Exercise
Copy the listing as it is written, and leave each picture out.

Data
┄┄┄┄┄┄┄┄┄┄┄┄┄┄┄┄┄┄┄┄

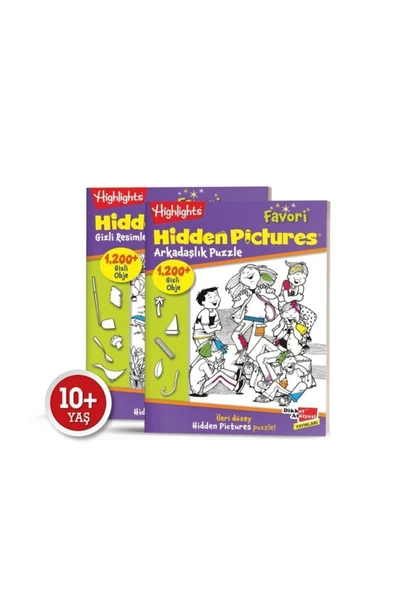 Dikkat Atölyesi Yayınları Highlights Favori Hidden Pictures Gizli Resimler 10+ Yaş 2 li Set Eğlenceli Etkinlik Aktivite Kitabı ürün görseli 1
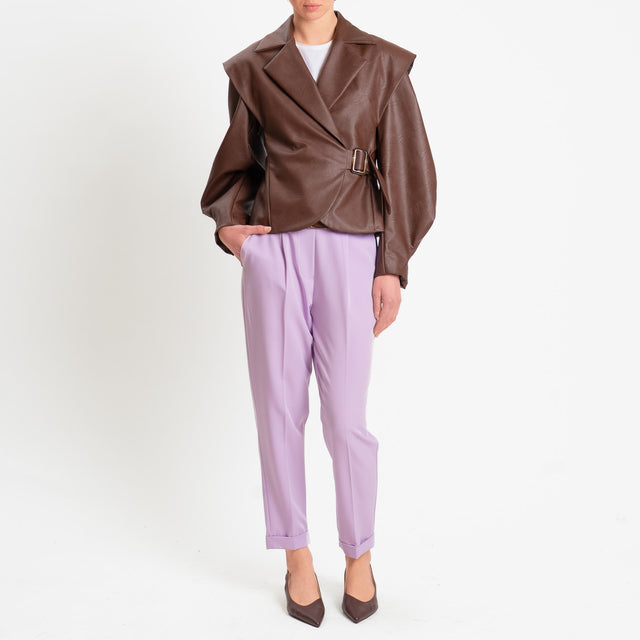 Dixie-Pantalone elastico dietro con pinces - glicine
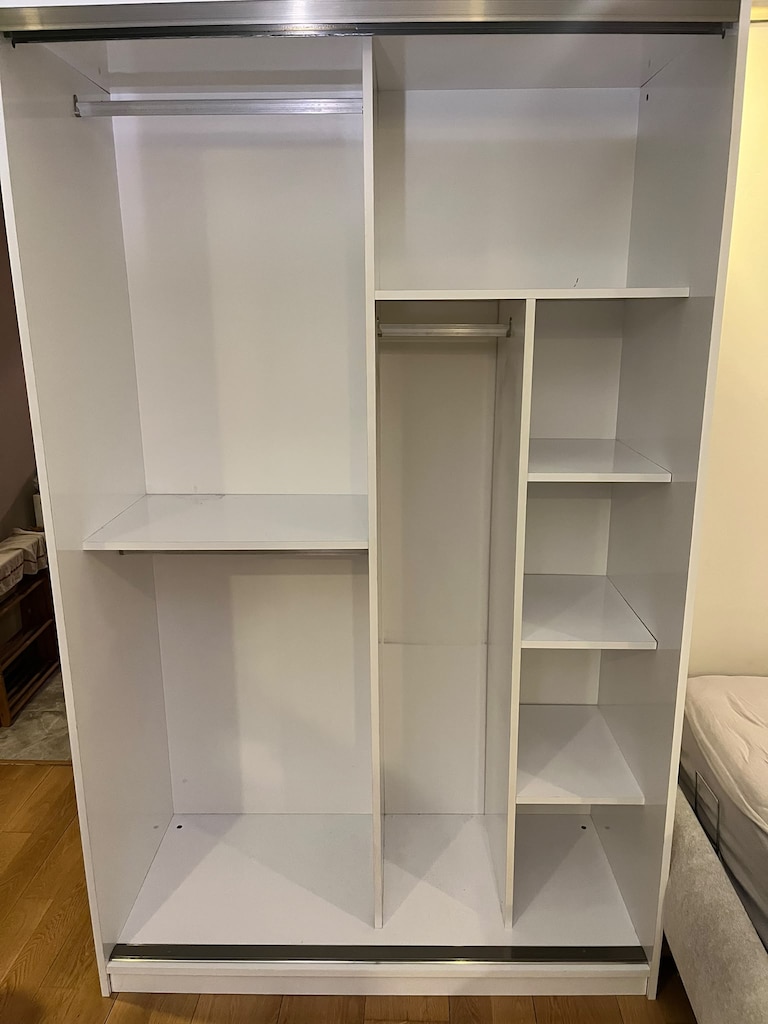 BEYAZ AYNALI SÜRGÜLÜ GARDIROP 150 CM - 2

┄┄┄┄┄┄┄┄┄┄┄┄┄┄┄┄┄┄┄┄

Output of the task
 Dikkat Atölyesi Yayınları Highlights Favori Hidden Pictures Gizli Resimler 10+ Yaş 2 li Set Eğlenceli Etkinlik Aktivite Kitabı ürün görseli 1
 Dixie-Pantalone elastico dietro con pinces - glicine
 BEYAZ AYNALI SÜRGÜLÜ GARDIROP 150 CM - 2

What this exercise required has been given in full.